At this point, "glfs_resolve_component" sends a fresh lookup. It creates new inode and gfid and sends the lookup. However, It does not reset the loc->gfid for the fresh lookup.

Now, for the second (fresh) lookup, EC gets proper response from backend. But in 
"ec_loc_gfid_check" it again fails as it tries to compare loc->gfid (which is still older) and iatt->ia_gfid (received from server). 

There could be two solutions for this - 
1 - For fresh lookup reset the loc->gfid to null.
2 - If [1] is not possible, we have to handle ESTALE case in EC in different way.
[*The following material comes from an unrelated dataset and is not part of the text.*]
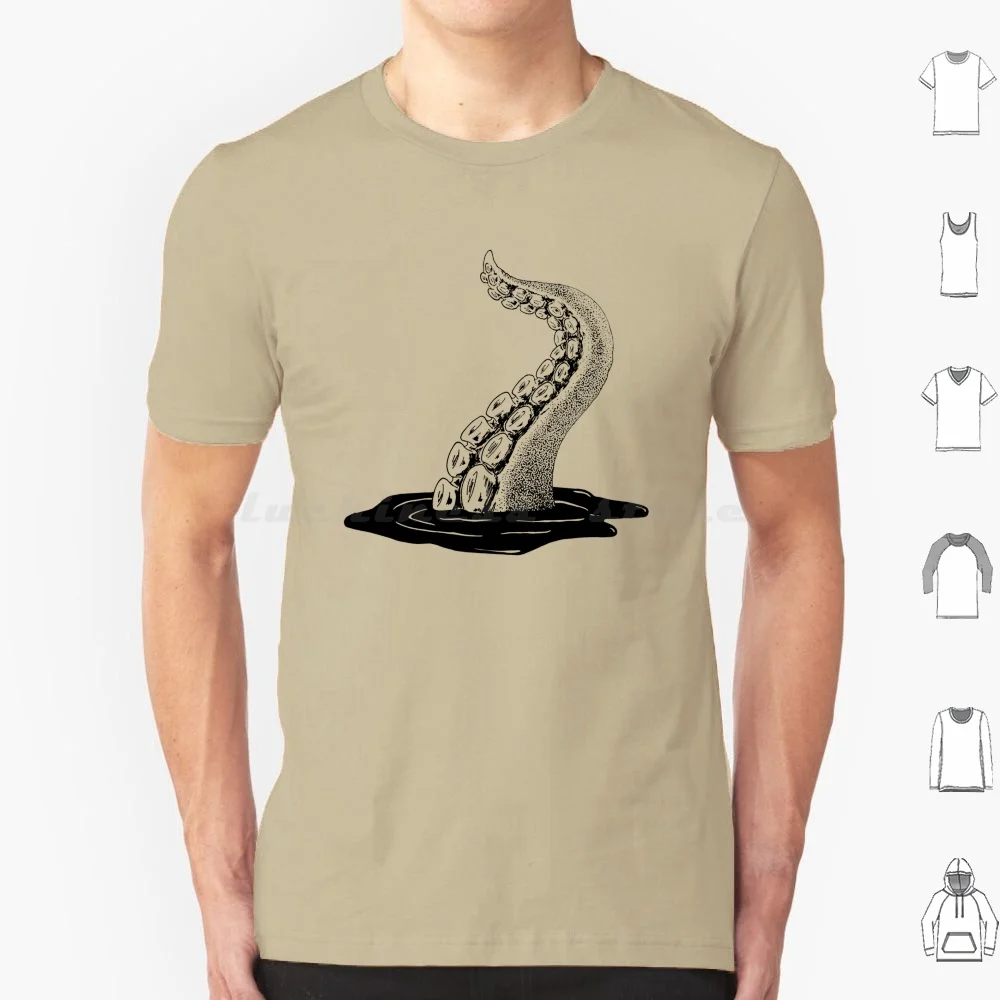 Ink Tentacle T Shirt Big Size 100% Cotton Tentacle Cthulhu Ink Tentáculo Octopus Pulpo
Comment 12 Ashish Pandey 2016-04-28 10:21:06 UTC
As we only have parent gfid and name in loc for a fresh lookup, having gfid set, to an old gfid, is incorrect.

Assigning it to gfapi team.

Comment 14 Vivek Das 2016-05-02 12:43:06 UTC
More update on this. With the new build being provided i.e 3.7.9-3 i created a microsoft word file with some data in windows client 1 and it reflected the file size too. Then in windows client 2 mounted the same tier volume , accessed the same file (created in client 1) and appended some more data. That too updated the file size which clearly reflected. Now when i login back to windows client 1 and even after repeated refresh of the volume share the size for the file is reflecting as 0Kb.
Is this happening because of the look up issue ??

Comment 20 Michael Adam 2018-04-05 10:36:42 UTC
best i know we don't support smb+tier